## What is needed:
From the line that holds "Essential Tools and" to the last line below, retype everything exactly and nothing else; omit pictures.

++++++++++

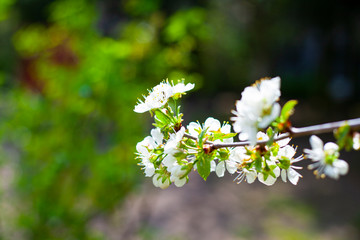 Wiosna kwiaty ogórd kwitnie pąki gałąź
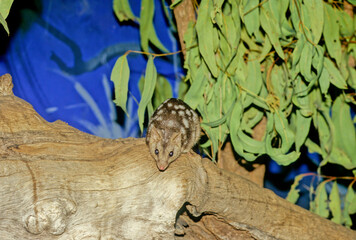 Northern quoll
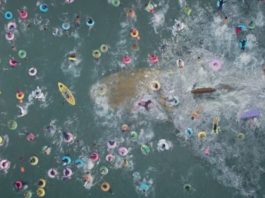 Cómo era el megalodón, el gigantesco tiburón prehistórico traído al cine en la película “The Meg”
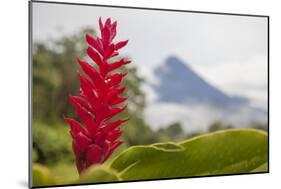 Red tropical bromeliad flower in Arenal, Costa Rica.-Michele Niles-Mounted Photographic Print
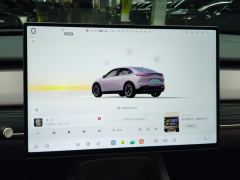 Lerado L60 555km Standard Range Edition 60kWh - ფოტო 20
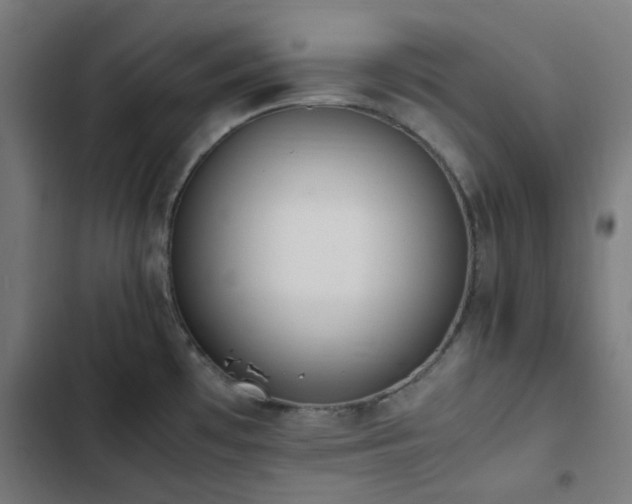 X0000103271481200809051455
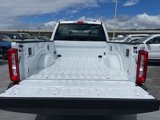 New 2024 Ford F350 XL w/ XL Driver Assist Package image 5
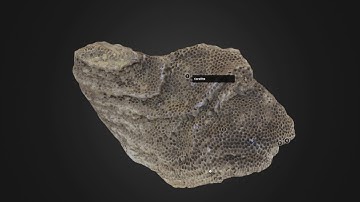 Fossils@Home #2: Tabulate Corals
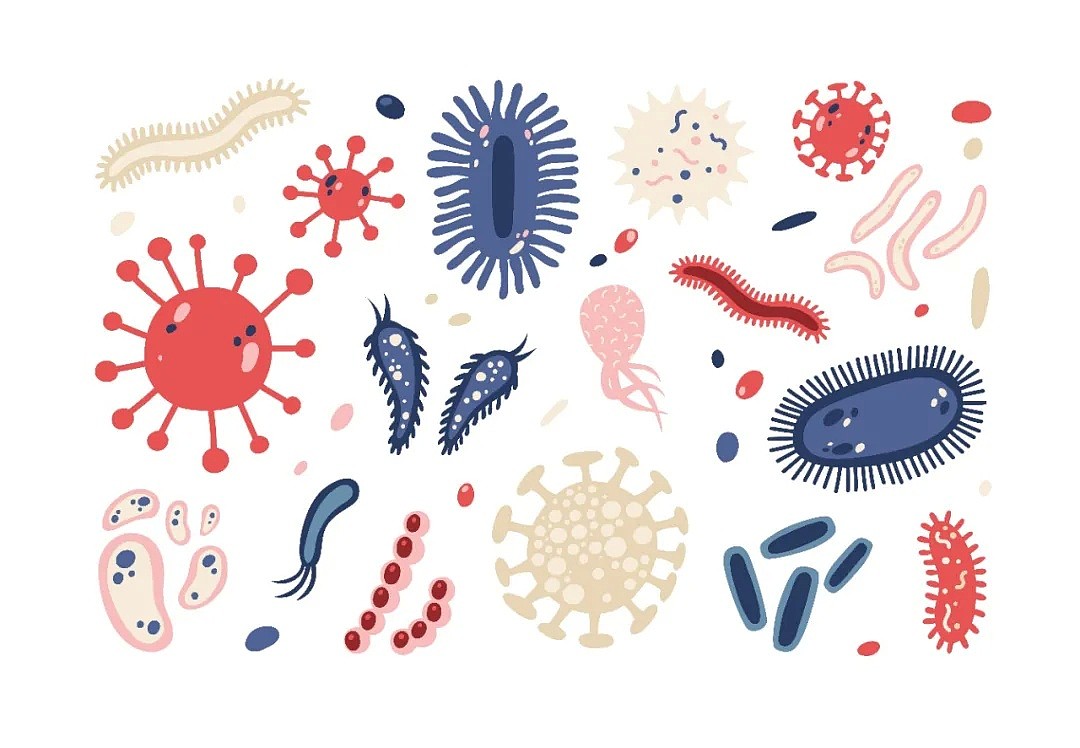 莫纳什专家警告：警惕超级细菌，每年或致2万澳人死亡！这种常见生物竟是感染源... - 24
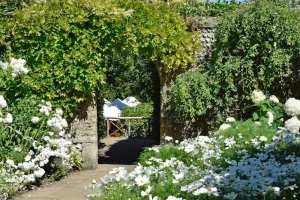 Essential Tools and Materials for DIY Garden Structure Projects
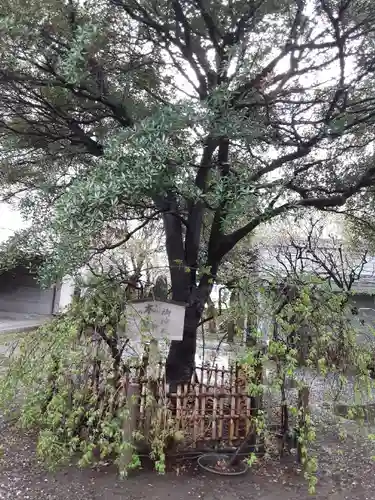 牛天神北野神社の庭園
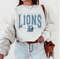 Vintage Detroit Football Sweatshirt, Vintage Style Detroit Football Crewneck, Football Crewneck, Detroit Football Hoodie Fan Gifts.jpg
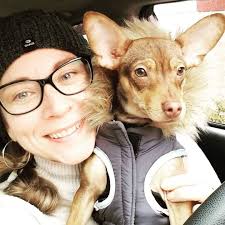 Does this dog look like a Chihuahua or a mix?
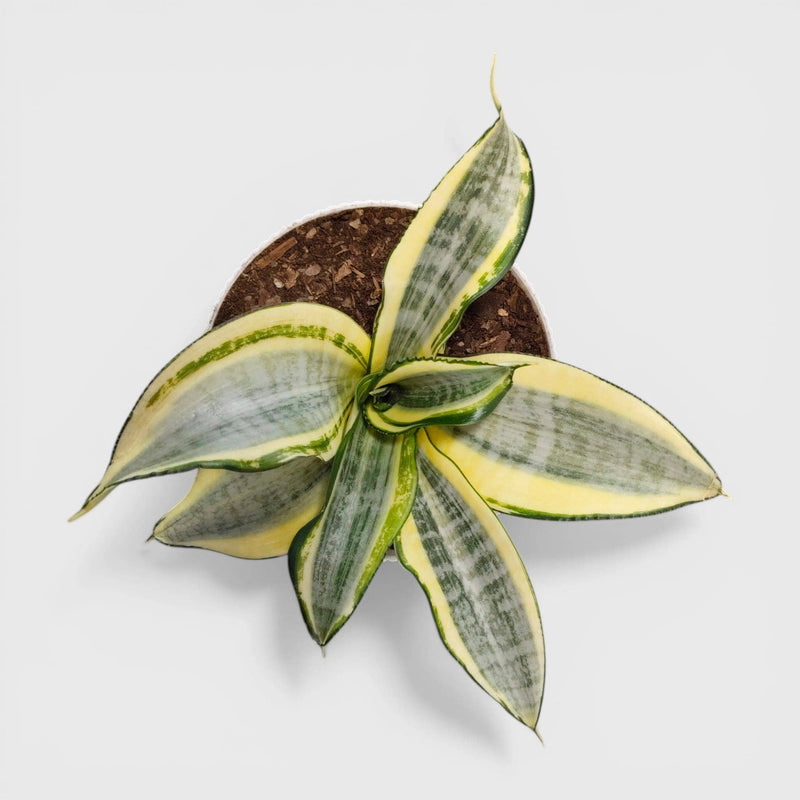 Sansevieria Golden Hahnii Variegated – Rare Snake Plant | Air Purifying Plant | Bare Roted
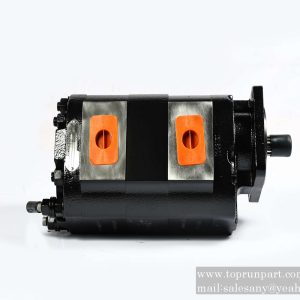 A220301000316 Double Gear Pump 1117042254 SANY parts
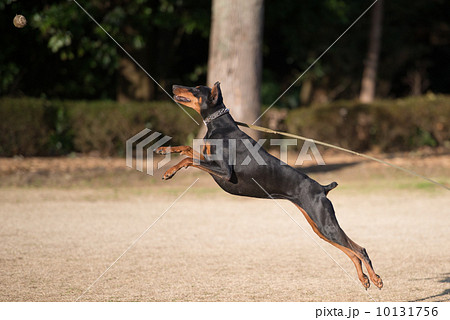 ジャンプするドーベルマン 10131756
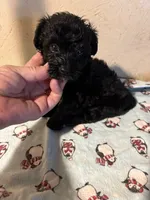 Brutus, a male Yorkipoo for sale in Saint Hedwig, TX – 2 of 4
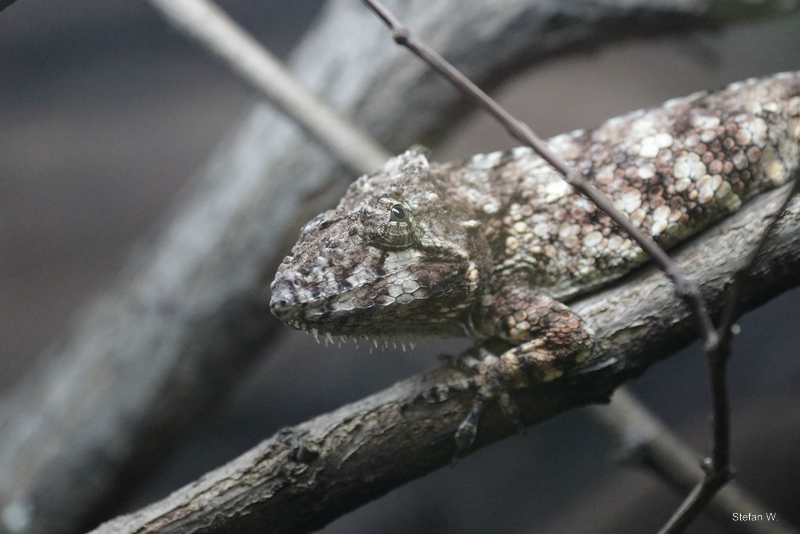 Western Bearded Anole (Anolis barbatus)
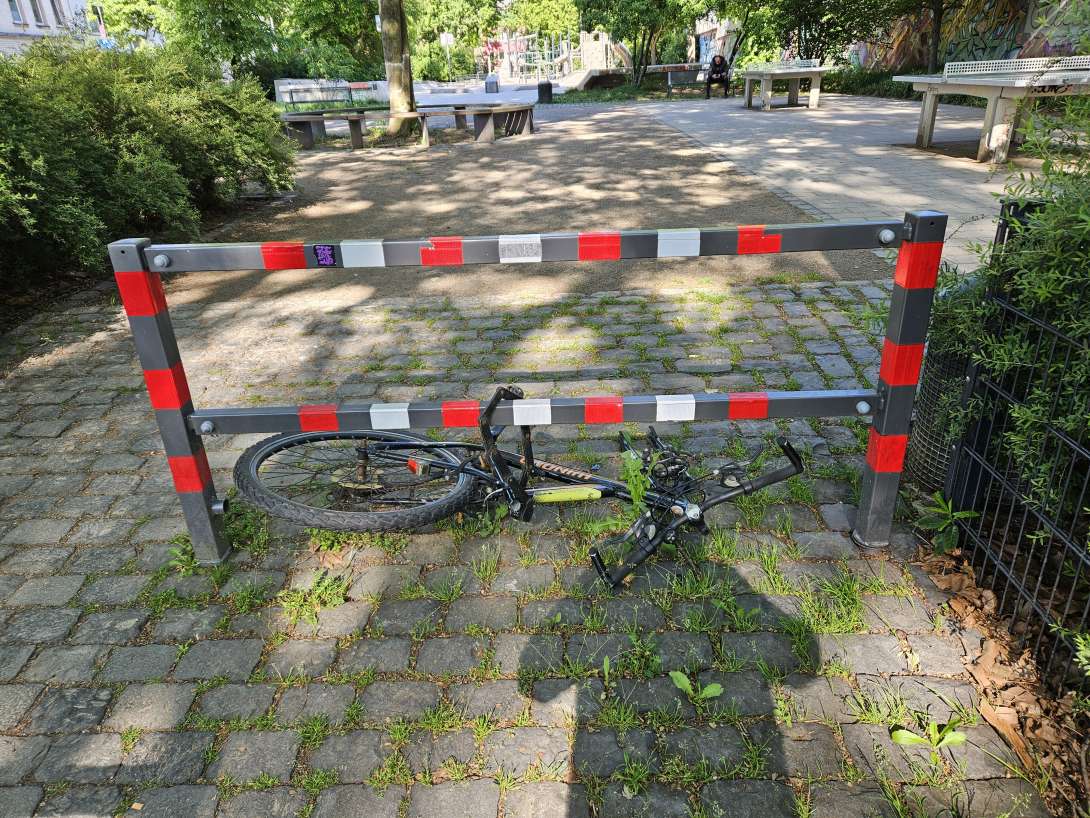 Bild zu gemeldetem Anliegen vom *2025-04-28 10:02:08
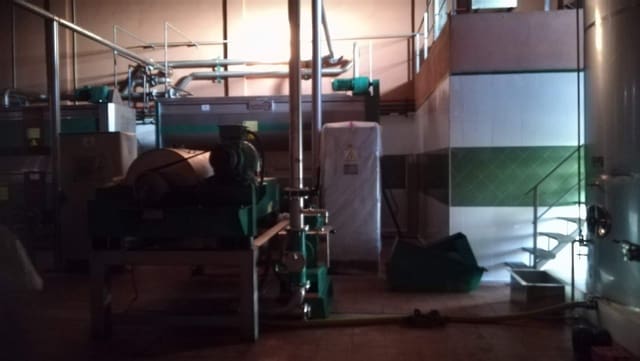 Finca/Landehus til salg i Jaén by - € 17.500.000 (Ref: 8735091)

++++++++++

## Your solution:
 Essential Tools and Materials for DIY Garden Structure Projects
 牛天神北野神社の庭園
 Vintage Detroit Football Sweatshirt, Vintage Style Detroit Football Crewneck, Football Crewneck, Detroit Football Hoodie Fan Gifts.jpg
 Does this dog look like a Chihuahua or a mix?
 Sansevieria Golden Hahnii Variegated – Rare Snake Plant | Air Purifying Plant | Bare Roted
 A220301000316 Double Gear Pump 1117042254 SANY parts
 ジャンプするドーベルマン 10131756
 Brutus, a male Yorkipoo for sale in Saint Hedwig, TX – 2 of 4
 Western Bearded Anole (Anolis barbatus)
 Bild zu gemeldetem Anliegen vom *2025-04-28 10:02:08
 Finca/Landehus til salg i Jaén by - € 17.500.000 (Ref: 8735091)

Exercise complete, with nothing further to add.